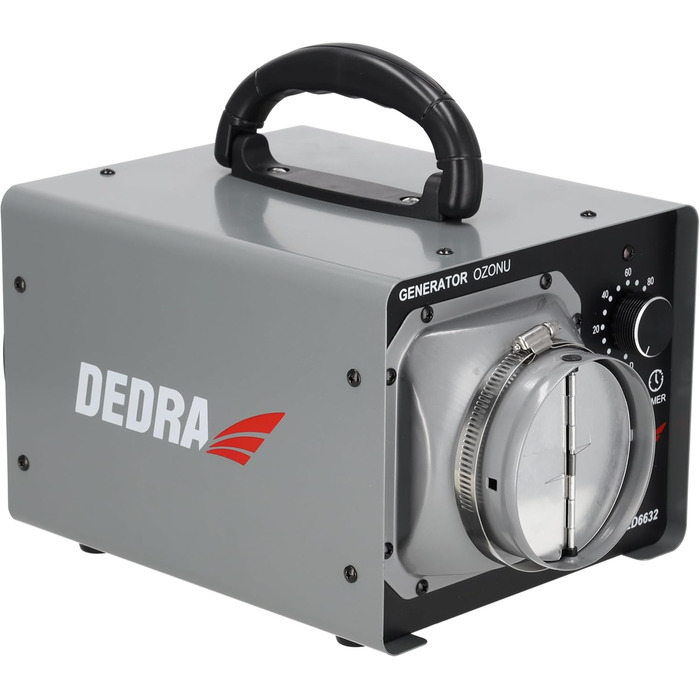 Генератор озону 20 г/год, озонатор DEDRA, 120 Вт, витрата повітря 340 м/год, метод дезінфекції, вентилятор, гнучкий шланг, автоматичне керування часом роботи, видаляє мікроорганізми 20000 мг/год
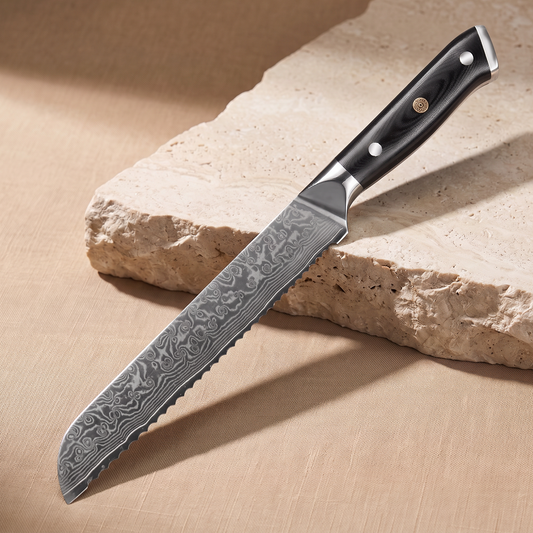 Bread knife 20 cm, Japanese Damascus steel, Galaxy Orion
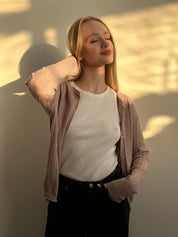 Cotton cardigan with buttons powder blue
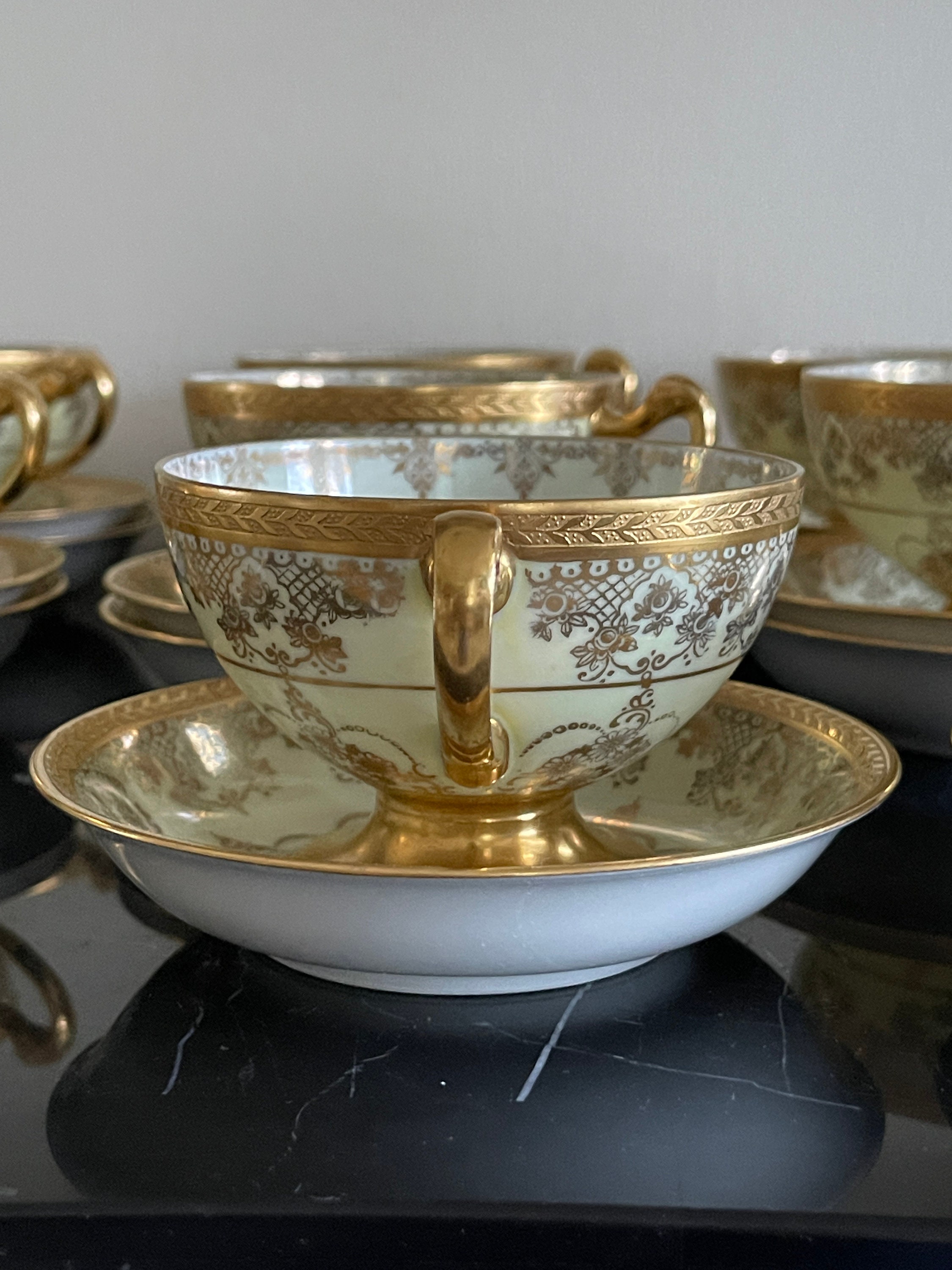 Hutschenreuther Selb Bavaria Porcelain Gold Encrusted Tea Cups and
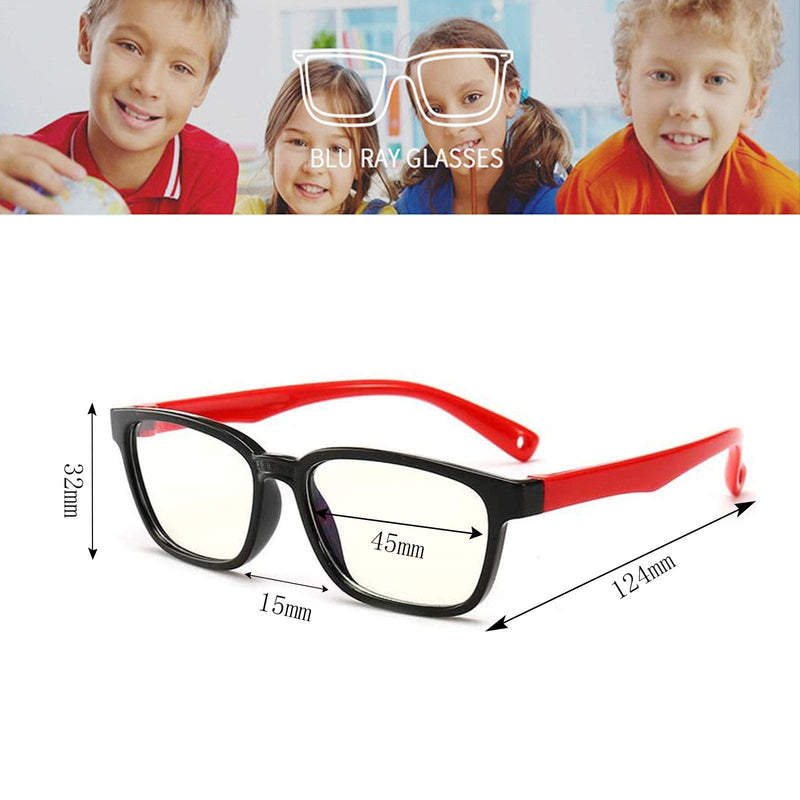 Anti Blue Light Glasses for Kids Computer Glasses,UV Protection Anti Glare Eyeglasses Computer Glasses Video Gaming Glasses for Children (Black-red) Black-red - LeoForward Australia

════

__INSTRUCTIONS TO FOLLOW__
Take the lines from the one that contains "Bread knife 20" down to the last line of the listing above, both included, and set them down exactly, leaving out pictures.

__SOLUTION BELOW__
 Bread knife 20 cm, Japanese Damascus steel, Galaxy Orion
 Cotton cardigan with buttons powder blue
 Hutschenreuther Selb Bavaria Porcelain Gold Encrusted Tea Cups and
 Anti Blue Light Glasses for Kids Computer Glasses,UV Protection Anti Glare Eyeglasses Computer Glasses Video Gaming Glasses for Children (Black-red) Black-red - LeoForward Australia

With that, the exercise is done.